“Last Known Good Configuration” is a recovery option Microsoft built into all versions of Windows, available from the Advanced Boot Options menu, and can be a valuable asset when attempting to recover a PC that isn’t working correctly. This article discusses how your computer can be booted up in “Last Known Good Configuration” mode to attempt repair and recovery.


About Last Known Good Configuration

When starting up Windows, it is possible to instruct it to use an older backup of parts of the Windows Registry that are often misconfigured and responsible for many bootup and driver/hardware problems. This state is known as Last Known Good Configuration, and is essential in allowing you to access your PC after a failed update, driver installation, or software setup. LKGC can also be used to recover from viruses, spyware, and other infections. Advanced information and details on how Last Known Good Configuration works is covered in an earlier knowledgebase article.

Problems fixed by Last Known Good Configuration

The following are PC problems that booting into LKGC can repair:

  • A driver update that causes your computer to experience a blue screen of death at startup
  • A newly-applied Windows Update or Automatic Update that stops your PC from fully booting
  • Viruses, trojans, and rootkits interfering with your PCs normal startup sequence
  • Newly-installed hardware conflicting with other devices
  • Newly-installed software incorrectly written or conflicting with other programs

Problems not fixed by Last Known Good Configuration

Unfortunately, not all Windows problems can be fixed by booting up your PC in Last Known Good Configuration. In particular, it will not help the below:

  • Computer running slow or other bad performance
  • Programs crashing at random
  • Driver-related issues that you’ve been experiencing for several days (spanning multiple boot-ups of your computer)

Booting your PC into Last Known Good Configuration

If Windows fails to fully start up, restoring your PC to Last Known Good Configuration can often help.

Boot-Up Directions

Starting with a fully powered-down computer, follow the instructions below:

  1. Fully power down your PC and make sure it has come to a complete halt.
  2. Press the power button on your computer and wait for the screen with the manufacturer’s logo to finish. While the manufacturer’s logo (HP, Dell, Acer, Samsung, Toshiba, Lenovo, etc) is on the screen, your system is undergoing a self-test known as POST in which it identifies connected hardware and brings it to a functional state.
  3. As soon as the logo screen goes away, begin to repeatedly tap (not press and keep pressed) the F8 key on your keyboard. Important note: for some laptops you may need to also simultaneously hold down the Fn key as well.
  4. If the Windows loading screen shows up, then you did not tap the F8 key early enough, go back to step 1.
  5. Otherwise, you should be seeing a screen like the one pictured below, titled “Advanced Boot Options.” It may appear subtly different for older or newer versions of Windows:
    The advanced boot options startup menu.
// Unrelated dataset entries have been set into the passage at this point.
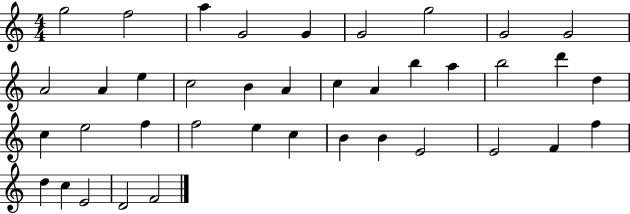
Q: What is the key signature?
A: C major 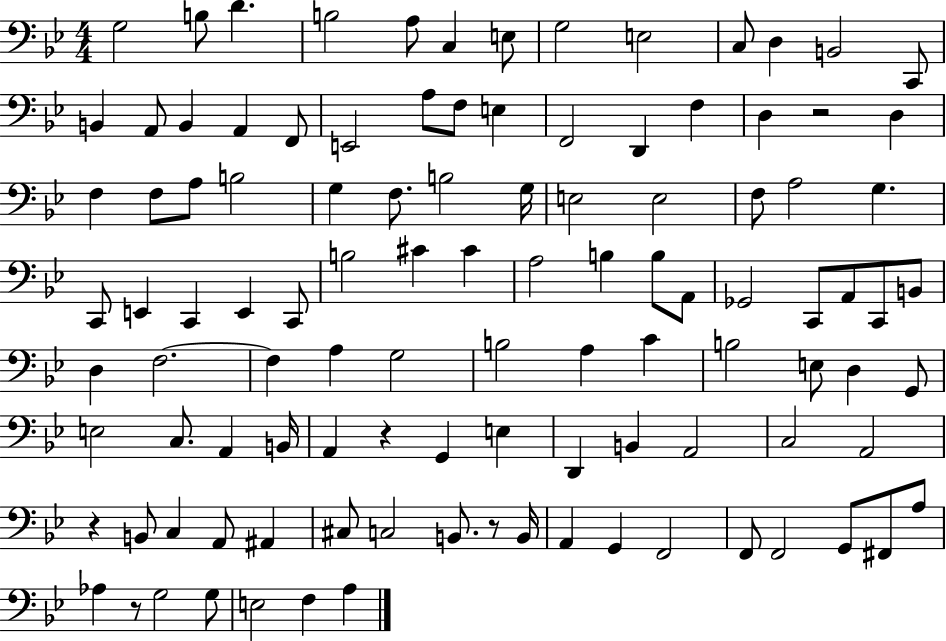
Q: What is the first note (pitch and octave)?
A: G3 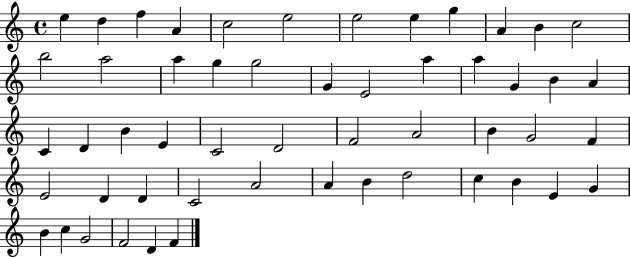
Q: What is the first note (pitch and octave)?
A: E5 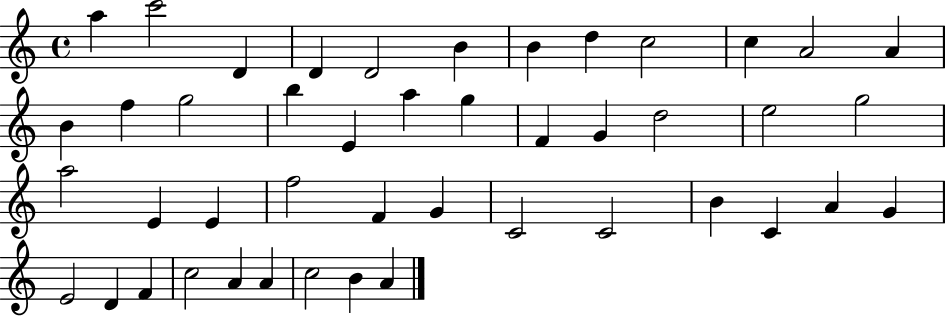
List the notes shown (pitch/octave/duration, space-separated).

A5/q C6/h D4/q D4/q D4/h B4/q B4/q D5/q C5/h C5/q A4/h A4/q B4/q F5/q G5/h B5/q E4/q A5/q G5/q F4/q G4/q D5/h E5/h G5/h A5/h E4/q E4/q F5/h F4/q G4/q C4/h C4/h B4/q C4/q A4/q G4/q E4/h D4/q F4/q C5/h A4/q A4/q C5/h B4/q A4/q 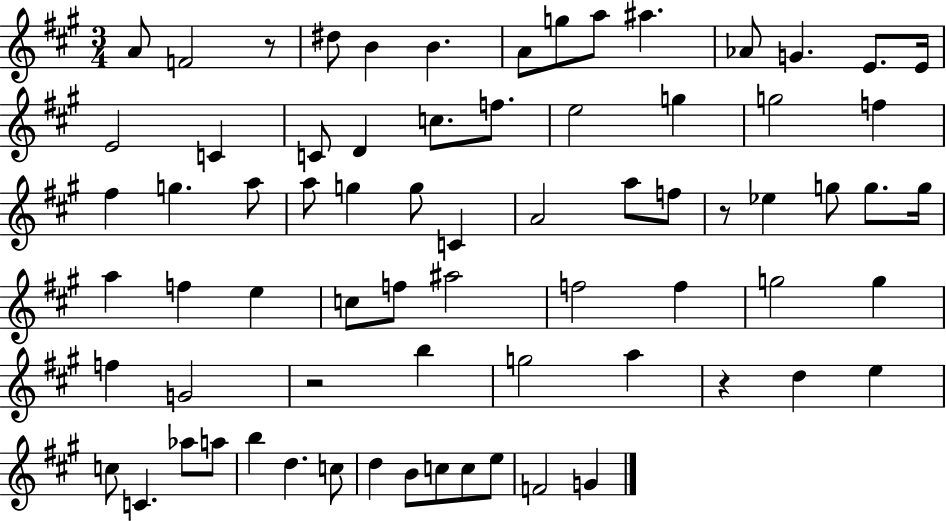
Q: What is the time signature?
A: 3/4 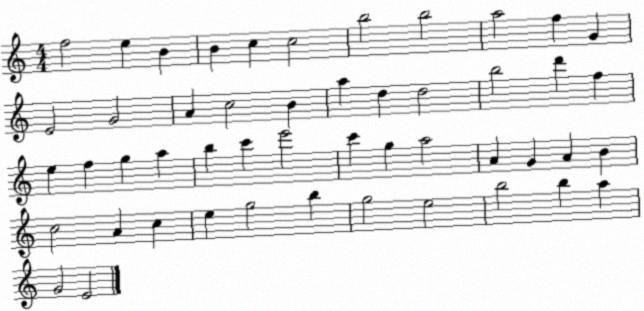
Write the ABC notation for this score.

X:1
T:Untitled
M:4/4
L:1/4
K:C
f2 e B B c c2 b2 b2 a2 f G E2 G2 A c2 B a d d2 b2 d' f e f g a b c' e'2 c' g a2 A G A B c2 A c e g2 b g2 e2 b2 b a G2 E2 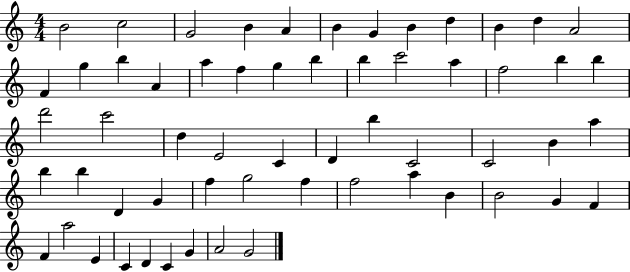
B4/h C5/h G4/h B4/q A4/q B4/q G4/q B4/q D5/q B4/q D5/q A4/h F4/q G5/q B5/q A4/q A5/q F5/q G5/q B5/q B5/q C6/h A5/q F5/h B5/q B5/q D6/h C6/h D5/q E4/h C4/q D4/q B5/q C4/h C4/h B4/q A5/q B5/q B5/q D4/q G4/q F5/q G5/h F5/q F5/h A5/q B4/q B4/h G4/q F4/q F4/q A5/h E4/q C4/q D4/q C4/q G4/q A4/h G4/h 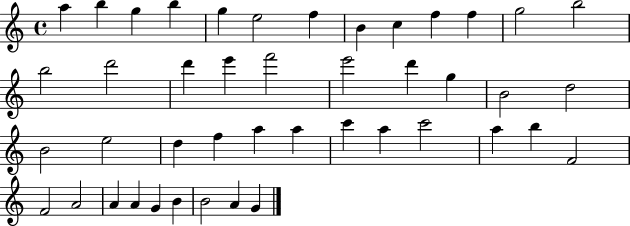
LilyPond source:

{
  \clef treble
  \time 4/4
  \defaultTimeSignature
  \key c \major
  a''4 b''4 g''4 b''4 | g''4 e''2 f''4 | b'4 c''4 f''4 f''4 | g''2 b''2 | \break b''2 d'''2 | d'''4 e'''4 f'''2 | e'''2 d'''4 g''4 | b'2 d''2 | \break b'2 e''2 | d''4 f''4 a''4 a''4 | c'''4 a''4 c'''2 | a''4 b''4 f'2 | \break f'2 a'2 | a'4 a'4 g'4 b'4 | b'2 a'4 g'4 | \bar "|."
} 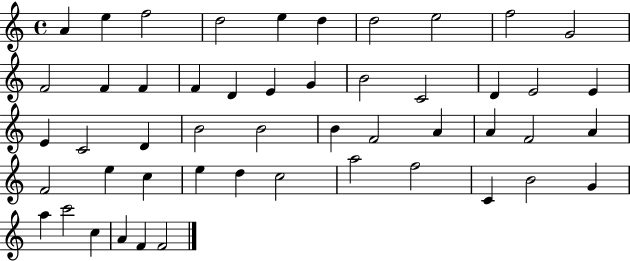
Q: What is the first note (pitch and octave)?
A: A4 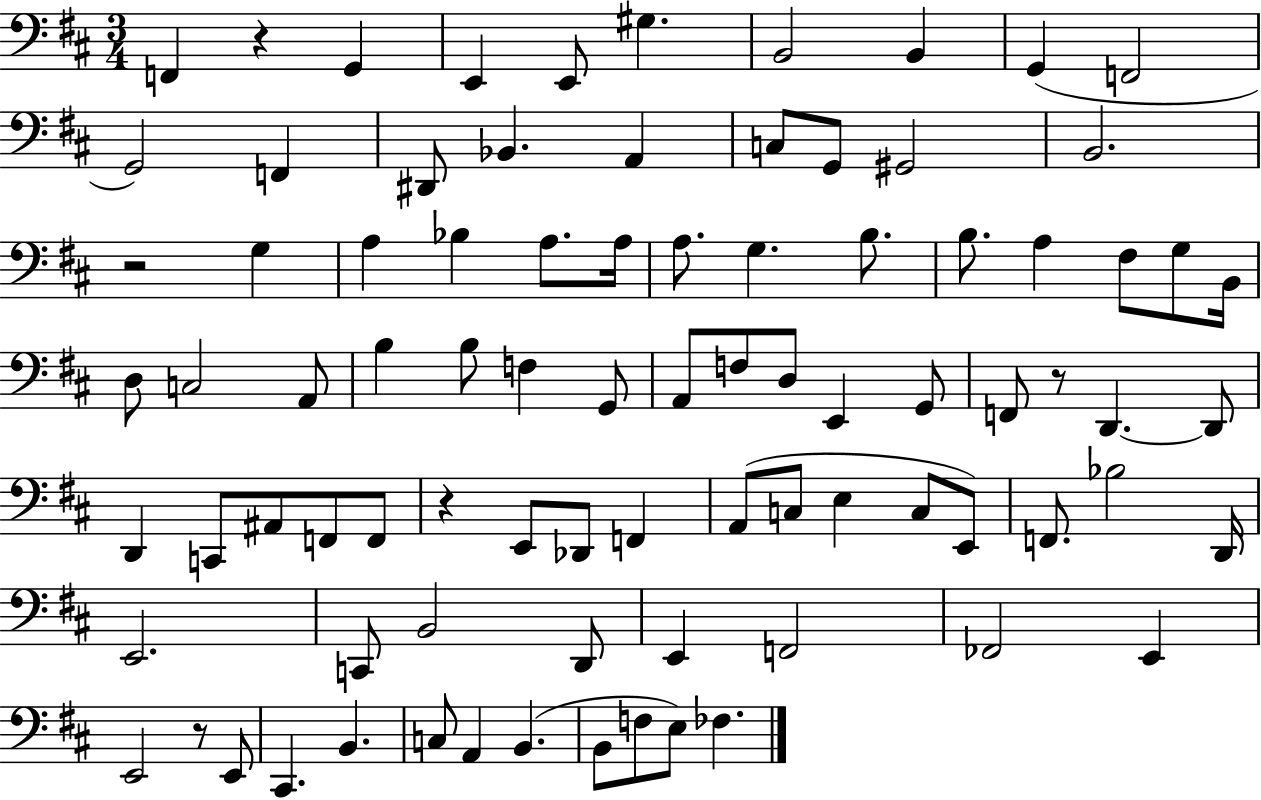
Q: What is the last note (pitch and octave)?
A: FES3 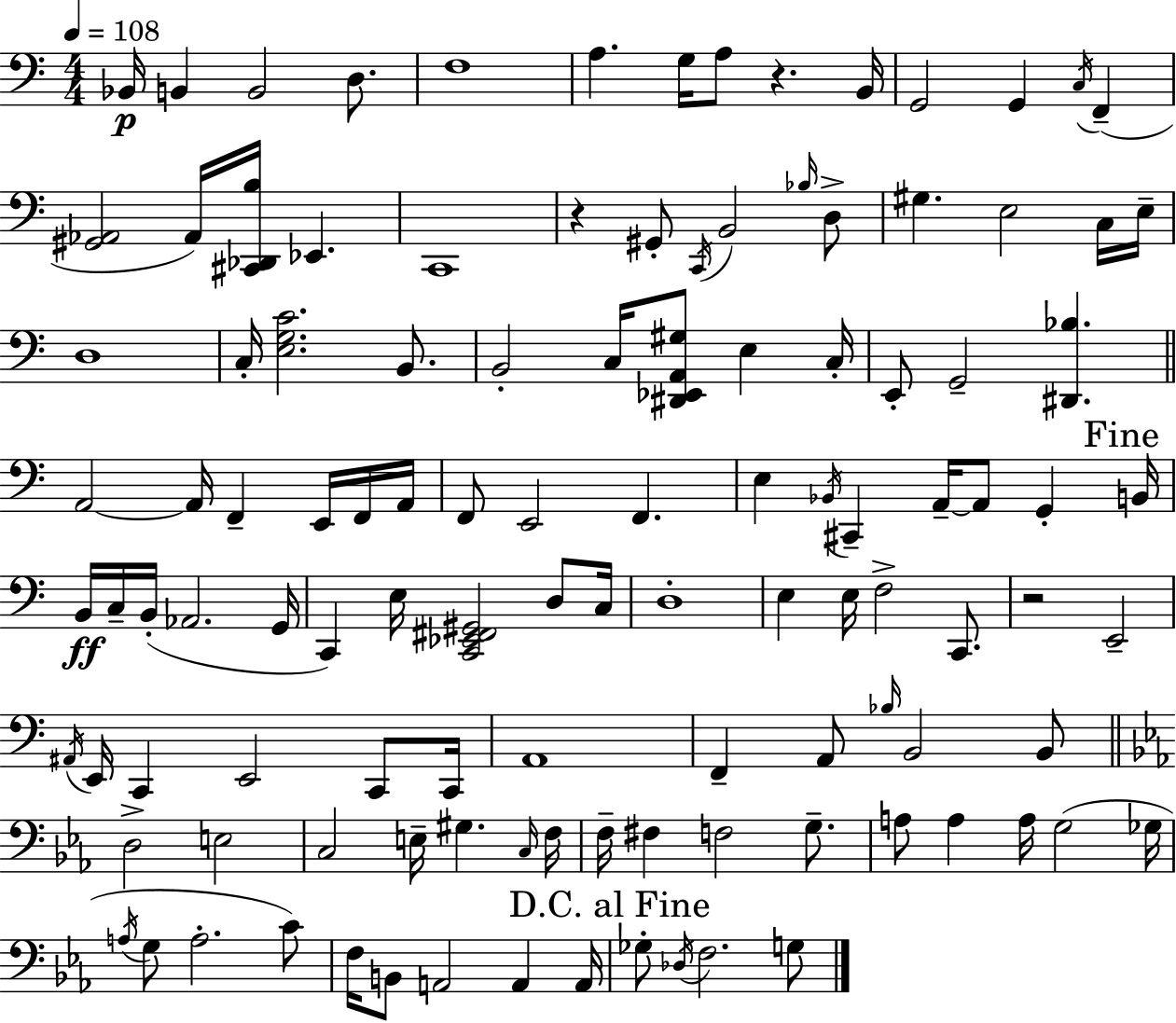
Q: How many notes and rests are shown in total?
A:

    The advanced boot options startup menu.

  6. Once at the Advanced Boot Options screen, use the keyboard to navigate to the option titled “Last Known Good Configuration (advanced)” and press the Enter key

Windows will now use the backed-up snapshot of the CurrentControlSet registry key. If your problem was caused by a misconfiguration in the registry during the last boot cycle, this should resolve the problems your Windows PC was experiencing.

Problems accessing Last Known Good Configuration

If you’re experiencing problems bringing up the Advanced Boot Options menu, refer to the knowledgebase guide on accessing the Advanced Boot Options menu for more-detailed instructions and possible troubleshooting options.